Finally, it is possible to cement and perforate medium and long radius wells are shown, for example, in U.S. Pat. No. 4,436,165.
While sealing the juncture between a vertical and lateral well is of importance in both horizontal and multilateral wells, re-entry and zone isolation is of particular importance and pose particularly difficult problems in multilateral well completions. Re-entering lateral wells is necessary to perform completion work, additional drilling and/or remedial and stimulation work. Isolating a lateral well from other lateral branches is necessary to prevent migration of fluids and to comply with completion practices and regulations regarding the separate production of different production zones. Zonal isolation may also be needed if the borehole drifts in and out of the target reservoir because of insufficient geological knowledge or poor directional control; and because of pressure differentials in vertically displaced strata as will be discussed below.
When horizontal boreholes are drilled in naturally fractured reservoirs, zonal isolation is seen as desirable. Initial pressure in naturally fractured formations may vary from one fracture to the next, as may the hydrocarbon gravity and likelihood of coning. Allowing them to produce together permits crossflow between fractures and a single fracture with early water breakthrough jeopardizes the entire well's production.
As mentioned above, initially horizontal wells were completed with uncemented slotted liners unless the formation was strong enough for an open hole completion. Both methods make it difficult to determine producing zones and, if problems develop, practically impossible to selectively treat the right zone. Today, zone isolation is achieved using either external casing packers on slotted or perforated liners or by conventional cementing and perforating.

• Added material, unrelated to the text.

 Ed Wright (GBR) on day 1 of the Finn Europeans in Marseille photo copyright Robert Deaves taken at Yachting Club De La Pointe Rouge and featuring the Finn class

The problem of lateral wellbore (and particularly multilateral wellbore) completion has been recognized for many years as reflected in the patent literature. For example, U.S. Pat. No. 4,807,704 discloses a system for completing multiple lateral wellbores using a dual packer and a deflective guide member. U.S. Pat. No. 2,797,893 discloses a method for completing lateral wells using a flexible liner and deflecting tool. U.S. Pat. No. 2,397,070 similarly describes lateral wellbore completion using flexible casing together with a closure shield for closing off the lateral. In U.S. Pat. No. 2,858,107, a removable whipstock assembly provides a means for locating (e.g., re-entry) a lateral subsequent to completion thereof. U.S. Pat. No. 3,330,349 discloses a mandrel for guiding and completing multiple horizontal wells. U.S. Pat. No. 5,318,122, which is assigned to the assignee hereof and incorporated herein by reference, discloses deformable devices that selectively seal the juncture between the vertical and lateral wells using an inflatable mold which utilizes a hardenable liquid to form a seal, expandable memory metal devices or other devices for plastically deforming a sealing material. U.S. Pat. Nos. 4,396,075; 4,415,205; 4,444,276 and 4,573,541 all relate generally to methods and devices for multilateral completion using a template or tube guide head. Other patents and patent applications of general interest in the field of horizontal well completion include U.S. Pat. Nos. 2,452,920; 4,402,551; 5,289,876; 5,301,760; 5,337,808; 5,458,209; 5,526,880; and 5,474,131, the latter two patents being commonly assigned and incorporated herein by reference.
U.S. Pat. No. 5,477,925, which is also commonly assigned to the assignee hereof and incorporated herein by reference discloses an improved method relating to multilateral completion and cementing (e.g., sealing) the juncture with lateral wellbores. The completion method of U.S. Pat. No. 5,477,925 addresses the issue of creating a window in the vertical hole, drilling a lateral wellbore and then sealing the juncture between the lateral and vertical wellbores to maintain the option to perform any function that could be done in a single wellbore as is desired for normal isolation, stimulation or any other required operation.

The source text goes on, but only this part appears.